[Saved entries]
※

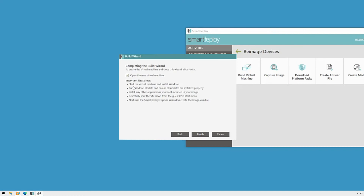Now we're ready to complete the wizard and build the virtual machine. The next steps for creating our reference VM are listed here as well. We'll boot the VM, install Windows and all available updates, add any extra software, and then shut down using the command line: shutdown /s /t 0.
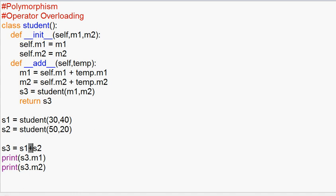Now we already know that if the __add__ method is defined, it gets called when using the plus operator. So for this method we write the overriding logic. In Python, there is a default __add__ method in the built-in types, but we have to write this method in our own class to test the overloaded behavior.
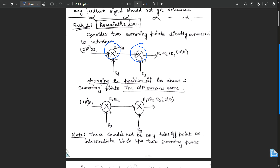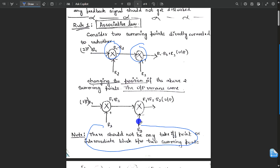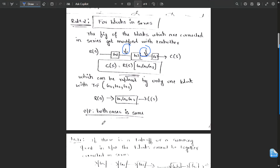Rule one is the associative law. Consider two summing points directly connected to each other. If there are two summing points directly connected, we can change the position of those two summing points and the output remains the same. For example, if R1, R2 and R1, R3 are exchanged, the output remains the same. Note: there should not be any takeoff point or intermediate block between the two summing points.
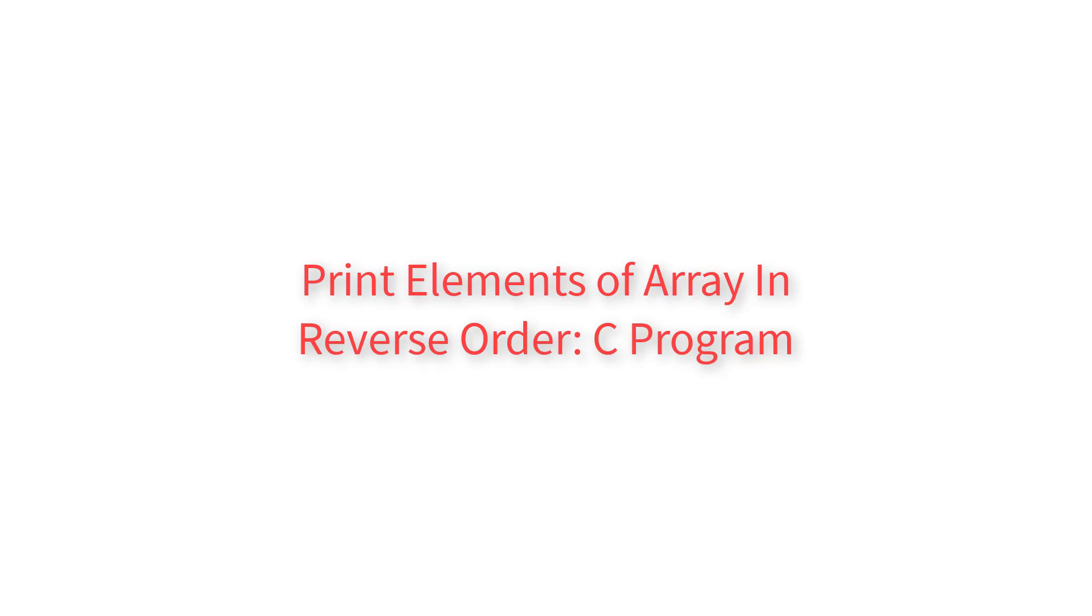Let's write a C program to print elements of an array in reverse order. This is a very important program because in all programs which involve arrays, we will be writing some form of logic to print the elements of the array. So pay attention to this.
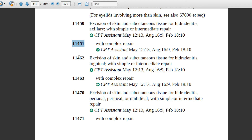The next code is 11462. The description is the same as the above codes but the anatomical site is different — inguinal, meaning related to the groin. If the physician documents that hidradenitis is excised at the inguinal site with simple or intermediate repair, assign code 11462. If complex repair is mentioned, assign 11463.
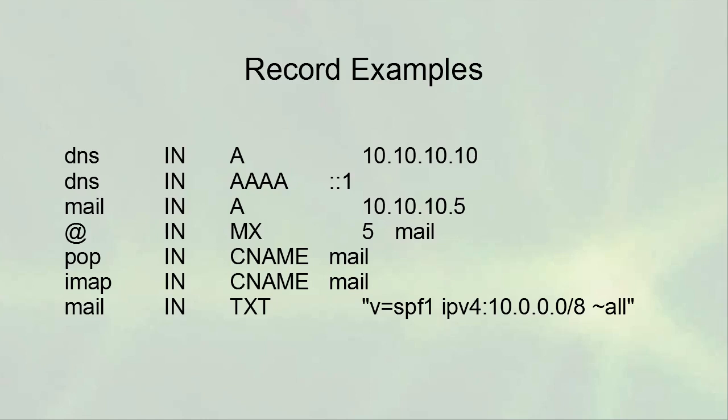CNAME records are aliases — CNAME stands for canonical name. For example, 'pop' and 'imap' might both map to 'mail', and 'mail' maps to an IP address via an A record. In addition to the A record, 'mail' also has a TXT record containing an SPF (Sender Policy Framework) entry. SPF is used to indicate which machines are allowed to send mail for that domain — for example, indicating that the entire 10.x.x.x network is allowed to send mail but nothing else.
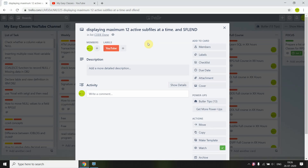Welcome back to this channel. Here I am with another interesting topic - subfiles. I am going to display maximum 12 active subfiles at a time, and these are display subfiles. I'm also showing you the SFLN indicator keyword and why we will be using those keywords.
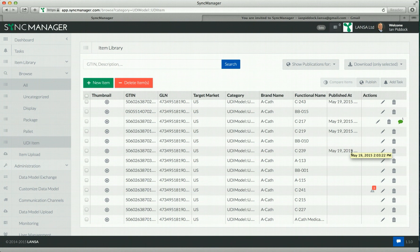So that's how you would go about publishing to the GDSN using the communications channel feature inside of Sync Manager. Thank you.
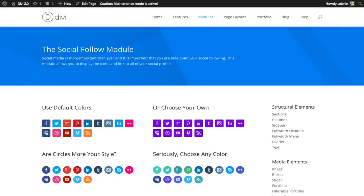In this tutorial, I'm going to show you how to use the social follow module. The social follow module lets you create icon links to your various social profiles so that people can follow you on Facebook, Twitter, Google+, Pinterest, and so on.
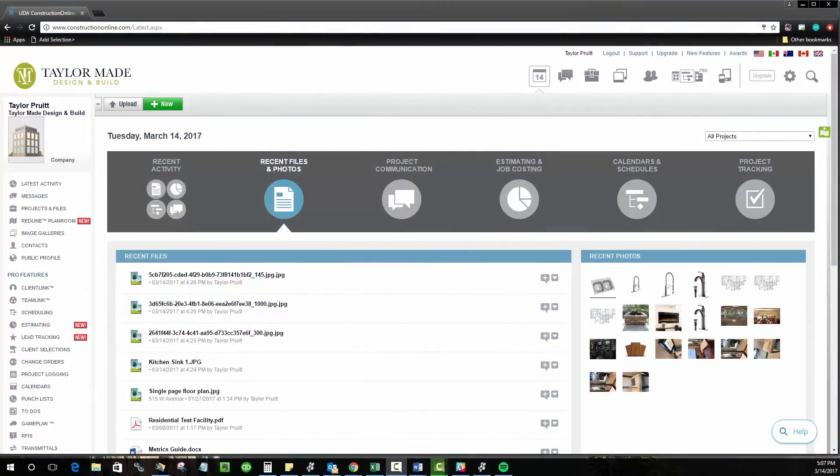Welcome to Sweet Talk. My name is Taylor and today I'll be showing you how to set up your very own public profile within Construction Online.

※

Only the lines from the first line of the entries through the line containing "The next code" should be output, exactly as they are, without pictures.

_Exercise answer_.
Now we're ready to complete the wizard and build the virtual machine. The next steps for creating our reference VM are listed here as well. We'll boot the VM, install Windows and all available updates, add any extra software, and then shut down using the command line: shutdown /s /t 0.
Now we already know that if the __add__ method is defined, it gets called when using the plus operator. So for this method we write the overriding logic. In Python, there is a default __add__ method in the built-in types, but we have to write this method in our own class to test the overloaded behavior.
Rule one is the associative law. Consider two summing points directly connected to each other. If there are two summing points directly connected, we can change the position of those two summing points and the output remains the same. For example, if R1, R2 and R1, R3 are exchanged, the output remains the same. Note: there should not be any takeoff point or intermediate block between the two summing points.
Let's write a C program to print elements of an array in reverse order. This is a very important program because in all programs which involve arrays, we will be writing some form of logic to print the elements of the array. So pay attention to this.
The next code is 11462. The description is the same as the above codes but the anatomical site is different — inguinal, meaning related to the groin. If the physician documents that hidradenitis is excised at the inguinal site with simple or intermediate repair, assign code 11462. If complex repair is mentioned, assign 11463.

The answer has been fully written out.